In perusing the 3.5 million news results on this story, I found that many news outlets attributed REI’s decision to altruism. In several stories I read, the authors emphasized the fact that REI was a co-op and was therefore able to make decisions that a public company could not.



I think all this is true, to an extent. REI does have a history of treating customers and employees differently than your typical business, and the folks who work at REI genuinely love the outdoors. But that’s really only half the story here. The other half is a purple cow. This move was a stroke of marketing brilliance that will no doubt more than pay for the lost sales REI will suffer from being closed on Black Friday.

As I noted, this announcement has been a PR goldmine for REI. I compared interest in REI to some of its competitors – Bass Pro Shops, Cabela’s, and The Sports Authority – on Google Trends. You’ll notice that after this announcement came out, REI broke through the clutter with a massive spike in attention.

Do you think REI stole away a few holiday sales from its competitors over the last few weeks?

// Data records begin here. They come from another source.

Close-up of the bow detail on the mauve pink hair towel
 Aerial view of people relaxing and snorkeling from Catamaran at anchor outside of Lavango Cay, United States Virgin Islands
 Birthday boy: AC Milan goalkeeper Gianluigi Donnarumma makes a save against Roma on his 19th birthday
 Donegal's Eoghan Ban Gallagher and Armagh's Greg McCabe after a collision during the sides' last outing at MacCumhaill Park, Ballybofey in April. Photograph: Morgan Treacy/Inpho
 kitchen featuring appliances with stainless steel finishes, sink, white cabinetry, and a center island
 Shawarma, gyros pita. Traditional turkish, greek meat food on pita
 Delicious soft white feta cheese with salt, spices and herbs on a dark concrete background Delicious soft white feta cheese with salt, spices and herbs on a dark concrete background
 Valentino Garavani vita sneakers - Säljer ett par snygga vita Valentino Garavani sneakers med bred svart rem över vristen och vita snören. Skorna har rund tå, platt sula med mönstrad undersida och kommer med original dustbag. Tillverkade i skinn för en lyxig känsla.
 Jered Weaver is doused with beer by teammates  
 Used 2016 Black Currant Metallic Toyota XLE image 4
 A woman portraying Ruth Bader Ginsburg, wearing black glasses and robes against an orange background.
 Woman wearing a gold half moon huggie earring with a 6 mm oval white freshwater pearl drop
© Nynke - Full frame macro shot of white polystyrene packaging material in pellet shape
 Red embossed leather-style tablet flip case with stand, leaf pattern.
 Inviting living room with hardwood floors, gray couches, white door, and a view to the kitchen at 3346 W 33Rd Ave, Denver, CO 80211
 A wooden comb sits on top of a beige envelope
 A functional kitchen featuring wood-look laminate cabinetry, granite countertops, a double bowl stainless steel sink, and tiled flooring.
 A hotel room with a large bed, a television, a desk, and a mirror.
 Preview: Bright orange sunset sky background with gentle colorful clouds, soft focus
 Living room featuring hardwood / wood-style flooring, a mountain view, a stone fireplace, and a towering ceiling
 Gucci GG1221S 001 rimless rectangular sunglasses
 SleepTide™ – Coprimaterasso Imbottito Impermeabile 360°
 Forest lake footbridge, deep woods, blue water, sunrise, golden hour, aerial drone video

You bet it did!

And REI didn’t just send out a press release letting folks know the stores were closed; instead, it created a Twitter hashtag (#optoutside) and  landing page that gave people “ways to get involved” in the campaign by – you guessed it – sharing the news on social media.

REI’s Chief Creative Officer, Ben Steele, was asked in an interview whether this was a one-time stunt or a new tradition for REI. He responded: “We will judge the reaction after it all, and if the co-op members say it’s awesome, it’s one thing. If not, then that’s a different conversation.” My translation: if this doesn’t drive sales as high or better than staying open on Black Friday, we ain’t doing it next year.

My point here is not to cynically rain on REI’s parade -- especially since they’ll be outside, and I wouldn’t want them to get wet. I think it is 100% fine that its strategists have come up with a marketing concept that both lives by their ideals as a company and drives bottom-line performance. Indeed, this co-mingling of business, culture, and public relations is a perfect Purple Cow.

Imagine if Walmart tried to do this on Black Friday. It would immediately be labeled a hypocrite (how can you give workers one day off and abuse them the rest of the year and expect us to praise you?). Purple cows need to be different and authentic, not just different.

Online marketing is very efficient these days; it’s practically impossible to find a successful media placement that your competitors haven’t already discovered and are also trying to  buy. Every holiday season, it's certain that Google and Facebook are going to make more money off online retailers, as competition, volume, and clicks increase. Not so certain is whether your retail business is going to grow or even maintain your profit from online advertising in years past.

So trying to come up with your own Purple Cow – something that enables your business to break free from the hand-to-hand combat that is Q4 SEM, for example – is worthy of brainstorming.

And your Purple Cow doesn’t have to be as audacious as REI’s Black Friday stunt. It could be a crazy-good offer (free hand-written notes on all gifts? 45-minute guaranteed delivery on Christmas Eve?), outlandish ad text in an SEM campaign, or ad campaigns in an unexpected location (a diamond ring ad inside a urinal?) Keep it weird and keep it authentic — and you might just find yourself giving your employees a day off and beating the competition at the same time!